Inspired by the mundanity of life, the Academy of Art University School of Fashion student’s work is a collection of everyday moments he saw on the street, including ordinary people rushing to work braced like mountain climbers conquering the elements. As a result, his collection pulled silhouettes and patterns from climbing gear of the 1990s, incorporating utility jackets, chunky forms, and protective layers.
Lee was influenced by the “similarity and correspondence within our world,” and a belief that these commonalities hold us together. Through this design philosophy, he saw the inevitable connection between the thick layers of San Francisco, its interweaving buildings, and patchwork designs.
As someone “governed by our Earth’s limited resources,” Lee made sustainability a constant design principle. He sewed together scraps of fabric collected from thrift stores and deconstructed clothes, creating his own one-off yarns. Whether it’s pocket detailing or contrasting denim with other fabrics or colors, upcycling and repurposing is a personal requirement. It’s a living example that one man’s trash is another man’s treasure and a personal touch that separates his collection from the rest.
Patchwork has long been a way to recycle worn clothing and fabrics, and though it wasn’t commonly seen in high fashion, Japanese designers like Rei Kawakubo and Junya Watanabe have both made their mark with deconstruction and patchwork art. In a way, Lee’s reconstruction expresses the Dadaist rejection of both artistic and cultural authority.
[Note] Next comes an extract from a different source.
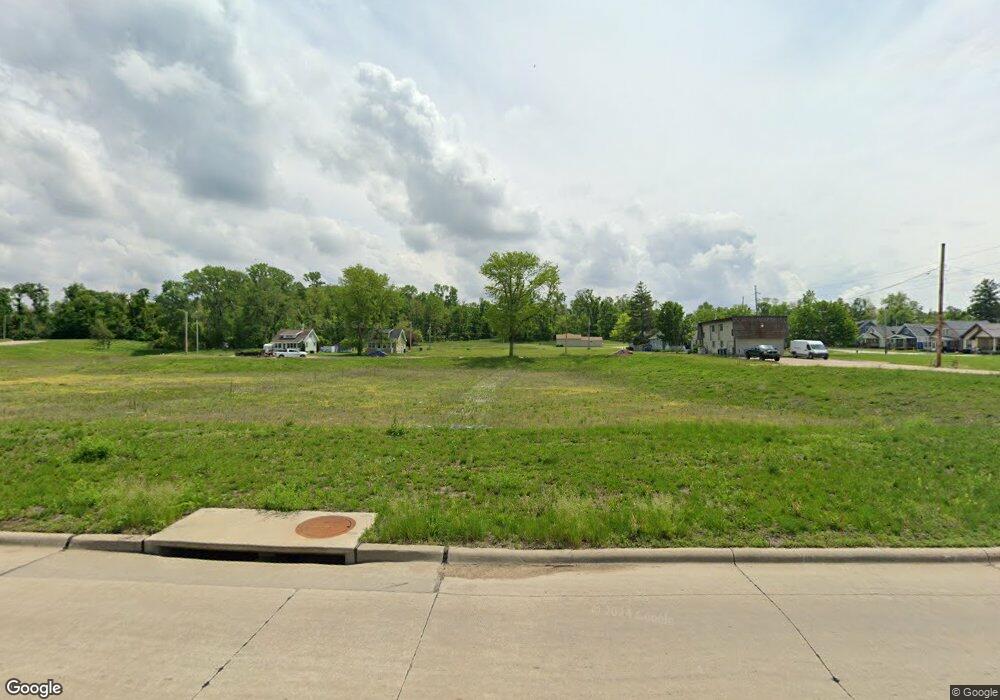 77 21st Ave SW, Cedar Rapids, IA 52404 - photo 1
As an art movement that condemns capitalism and rejects authoritarianism, Dadaism is a huge inspiration for him. Dadaists are the embodiment of complete artistic freedom and the rejection of traditional values.
Where many would call people commuting to work sad and mundane, Lee saw something different. He imagined them climbing the hilly slopes by the bay with blank faces and hefty backpacks, and realized they relate to us all. We are all part of a systematic machine, trying to climb to the top, only to repeat it again the next day. There is something beautiful in the mundanity of life. We’re all different but, at our core, the same.